(Task statement): Reproduce word for word the lines between the one containing "Used 2025 Toyota Corolla LE FWD image 8" and the end of the entries below, both inclusive; leave out pictures.

────────────────────────────────────────

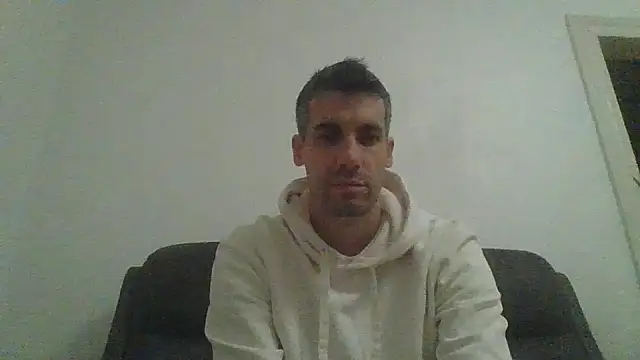 Snapshot of JulioIsHere4you chatting on 16, 10, 2025 JulioIsHere4you online show from 16, 10, 2025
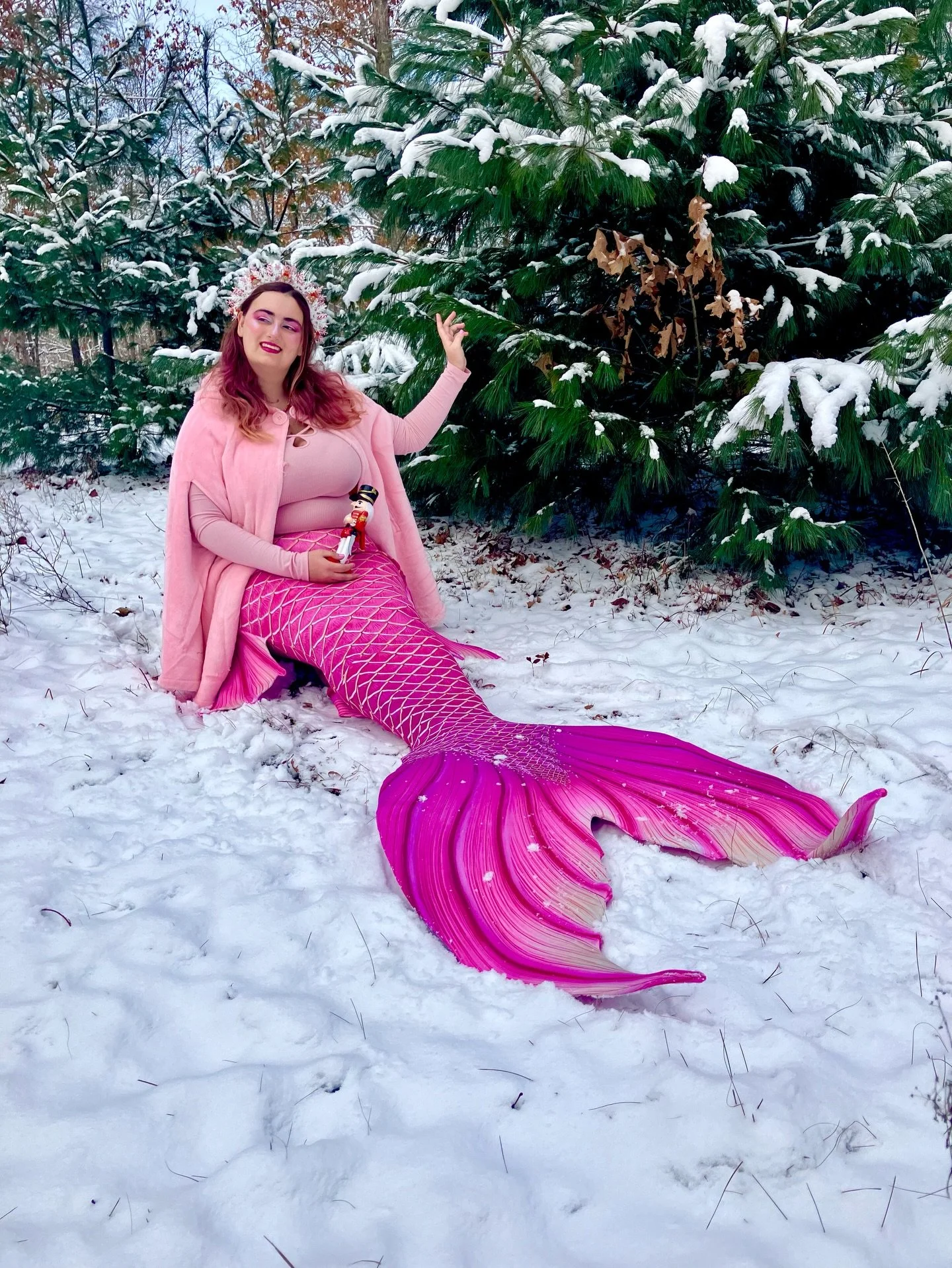 Let it snow! Let it snow! ⛄️❄️ 
.
Abshellutely loved waking up to several inches of snow outside! I&rsquo;ve been wishing for a white Christmas this year and it&rsquo;s looking like we might just get one here in Connecticut!
.
Wishing you fishies and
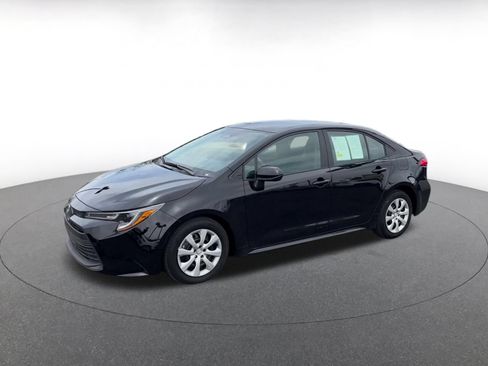 Used 2025 Toyota Corolla LE FWD image 8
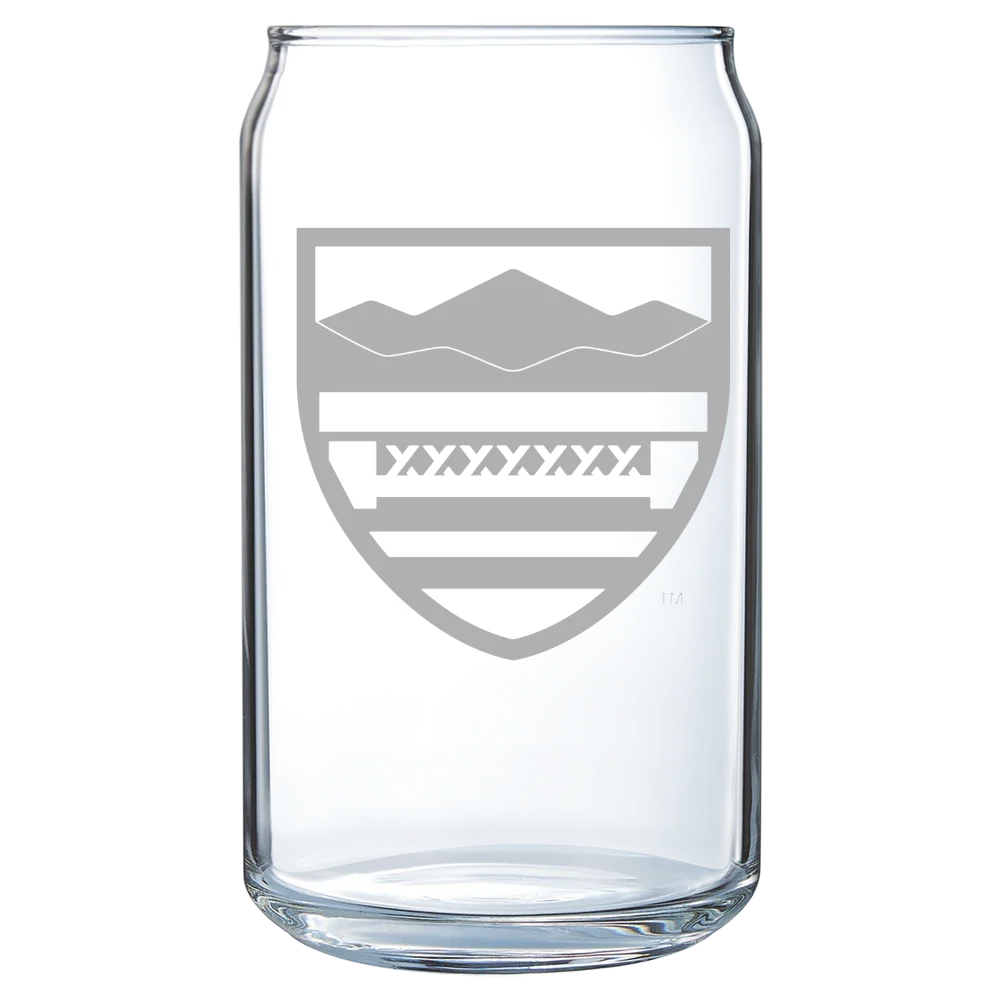New England College Polar Camel 16 oz. Can Glass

────────────────────────────────────────

(Your response):
 Used 2025 Toyota Corolla LE FWD image 8
New England College Polar Camel 16 oz. Can Glass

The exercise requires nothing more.